*** Opening of LISTED ENTRIES ***

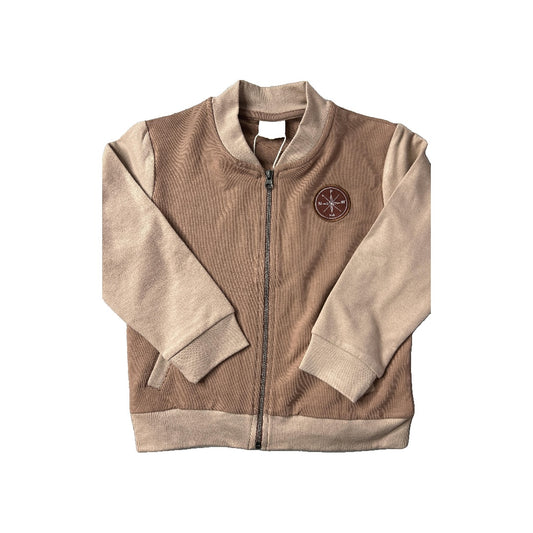 PNW Unisex Mauve Jacket Size: 3T Mauve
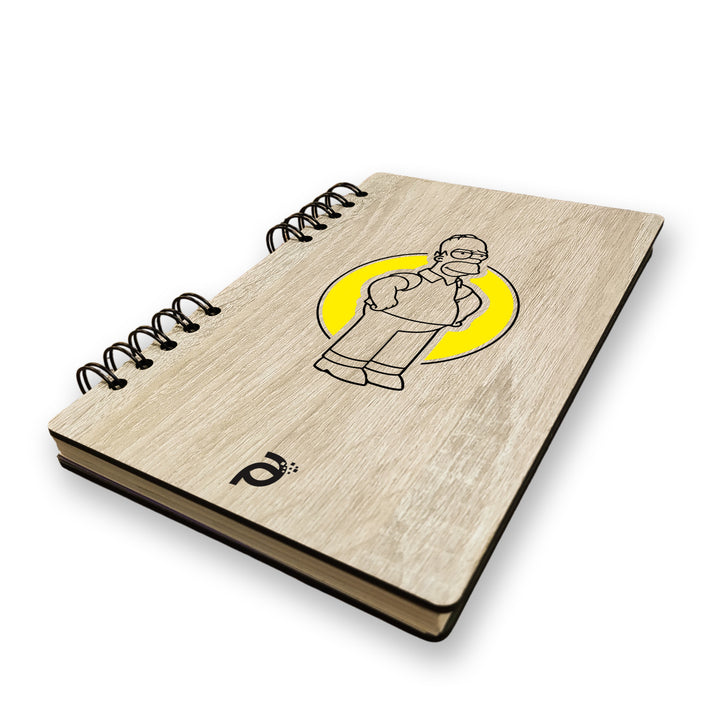 Libreta Homero Simpson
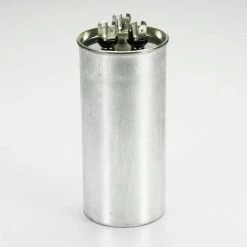 Supco® CD80+5X440R, 80+5MFD, 440V, Run Capacitor, Round - Pkg Qty 5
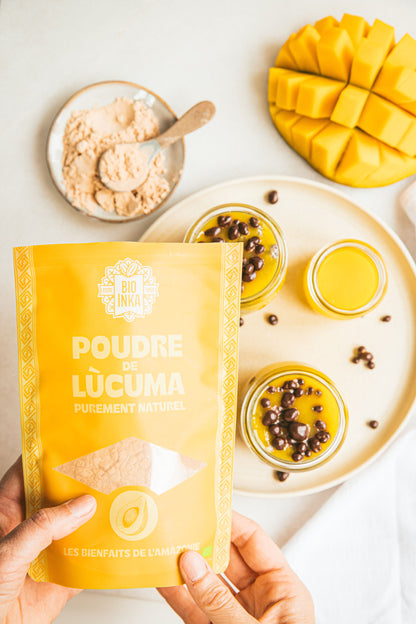 BioInka - Lúcuma Fruit Powder- 🌴 Sweet Treat For Smoothies!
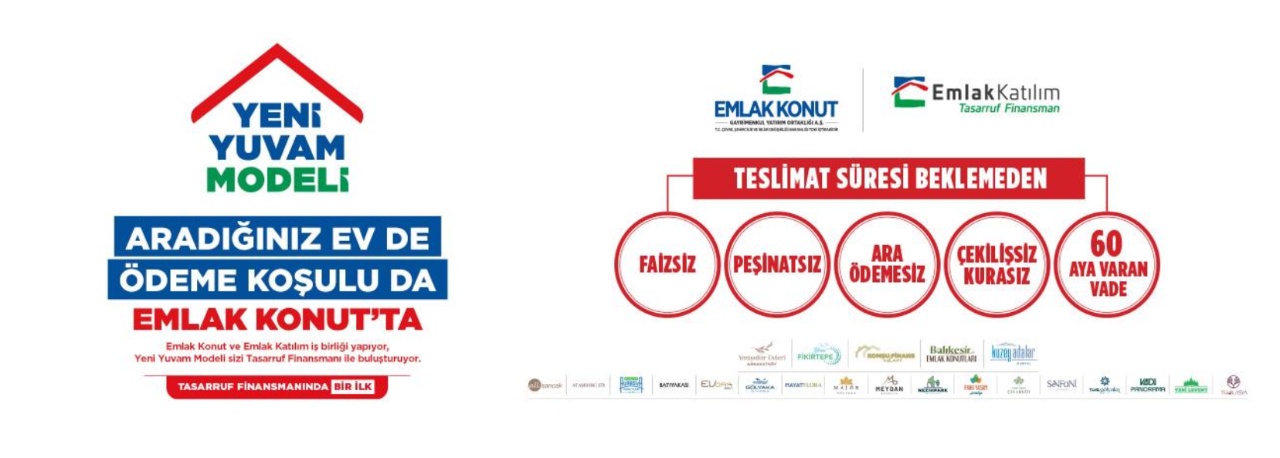 Yeni Yuvam Modeli: Faizsiz, Peşinatsız ve Kurasız Konut Finansmanı Başlıyor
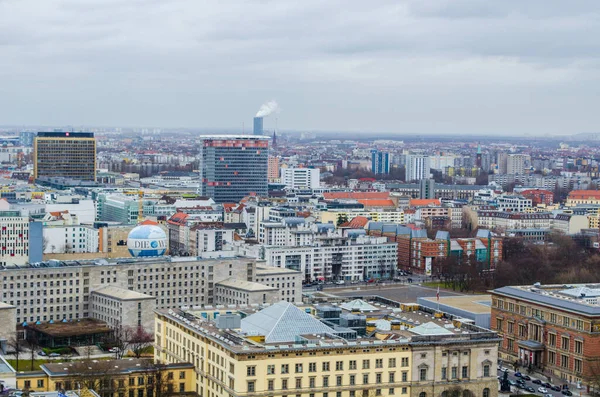 Berlin Germany March 2015 Aerial View Berlin Which City Small — ストック写真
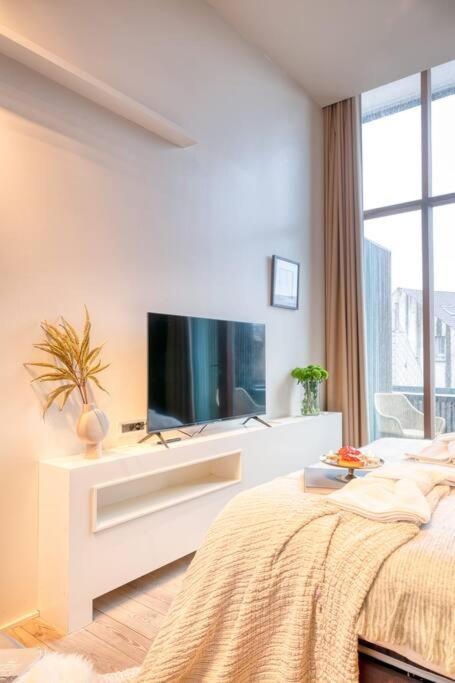 Apartment Ideal Terraced Retreat In Ghent's Center *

*** Close of LISTED ENTRIES ***

■ TASK ITEM
Output all of the records word for word, and keep the pictures out of the copy.

■ SOLUTION TO THE EXERCISE
 PNW Unisex Mauve Jacket Size: 3T Mauve
 Libreta Homero Simpson
 Supco® CD80+5X440R, 80+5MFD, 440V, Run Capacitor, Round - Pkg Qty 5
 BioInka - Lúcuma Fruit Powder- 🌴 Sweet Treat For Smoothies!
 Yeni Yuvam Modeli: Faizsiz, Peşinatsız ve Kurasız Konut Finansmanı Başlıyor
 Berlin Germany March 2015 Aerial View Berlin Which City Small — ストック写真
 Apartment Ideal Terraced Retreat In Ghent's Center *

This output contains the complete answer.